Analistas 06/08/2025

Fals Borda en Saucío

Brigitte Baptiste
Rectora de la Universidad Ean
La República Más

Sobrevolar la cordillera oriental entre Bogotá y Bucaramanga a menudo permite recorrer la cuenca alta del río Bogotá y entender el verdadero significado de la palabra “altiplano”. Se pueden imaginar los lagos que dominaron y sedimentaron el paisaje hace apenas unos miles de años, cuando los glaciares comenzaron a derretirse, no por primera vez: las montañas andinas han visto transformaciones climáticas radicales desde su aparición, dejando señales de avenidas torrenciales, grandes depósitos de rocas, cañones, mesetas y terrazas, la base misma de las formas geológicas sobre las cuales la biodiversidad aprendió a fabricar suelo, subiendo y bajando por laderas más o menos inestables, según los tiempos.

Hace poco llegaron los primeros pobladores humanos persiguiendo mamuts, quemando praderas en épocas frías y secas para acorralar la fauna gigante hasta su extinción. Vendría la pesca del capitán, ese pequeño bagre mágico elevado a las cimas por la tectónica y olvidado por la modernidad, la caza de los patos que dejaron de migrar, los cuyes que hoy miran carros desde los separadores de las vías, agradecidos con los pollos, cabras y marranos traídos por los españoles.

El único libro que me he robado en la vida es un ejemplar de “Campesinos de los Andes” (1961) (había cinco copias en el anaquel, en mi defensa), de Orlando Fals-Borda (1925-2008), que sustraje de la biblioteca de estudios latinoamericanos de la Universidad de Florida, donde por casualidad fui a dar 30 años después buscando darle sentido a los profundos cambios que el poblamiento humano había generado en los paisajes rurales de las montañas, tratando de entender si la pobreza proverbial del campo en algunas regiones estaba o no vinculada con el deterioro de sus bosques, sus suelos y sus aguas.

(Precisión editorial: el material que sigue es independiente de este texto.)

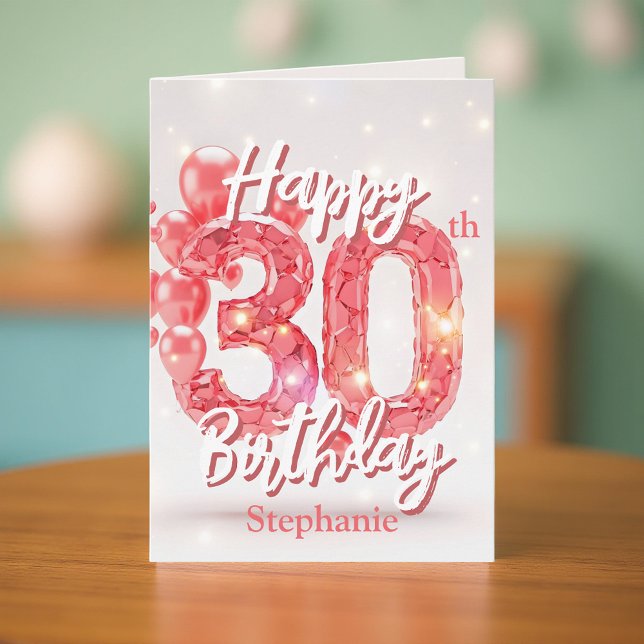 Carte Élégant Ballons rose et Gem étincelant 30e anniver (Créateur téléchargé)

Recorro hoy la carretera que une Bogotá con Chocontá y me detengo a observar el ecosistema construido por la acumulación lenta de prácticas productivas y no puedo dejar de asombrarme de la capacidad innovadora de los pueblos campesinos, que se han hecho a sí mismos a partir del mestizaje y han transformado radicalmente la vida de las montañas, cada vez más distante de las cualidades nativas que las caracterizaron por millones de años.

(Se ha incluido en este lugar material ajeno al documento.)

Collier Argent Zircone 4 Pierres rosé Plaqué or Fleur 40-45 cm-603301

Sin nostalgia, pero con preocupación, no puedo dejar de pensar que las extensas praderas de kikuyo africano, con sus vacas asturianas/africanas, los eucaliptos, pinos y acacias que reemplazaron los bosques de alisos y encenillos, y que se combinan con maizales, cultivos de fresa, papa y hortalizas, también provenientes de desecaciones y deforestaciones, y que ya no albergan mayor biodiversidad: las economías campesinas también enfrentan hoy el problema de lo silvestre con los parámetros de la colonialidad, naturalizada.

No podría decir qué tan resiliente o sostenible esté siendo Saucío hoy en día, pero sí agradezco profundamente al maestro Fals Borda haber concebido el territorio como una construcción cultural activa, más que como una obligación biológica cuando habló de las veredas como unidades sociales y ecológicas. Hoy, cuando los mineros del altiplano bloquean vías y los paperos repiten por enésima vez las huelgas asociadas con la caída de precios, la pola tibia y donde los turistas quedan atrapados en medio de la belleza bucólica de la tierra del cuchuco y las arepas de maíz con queso, cómo querría sentarme a conversar con Orlando, a ver qué opina de lo que está pasando.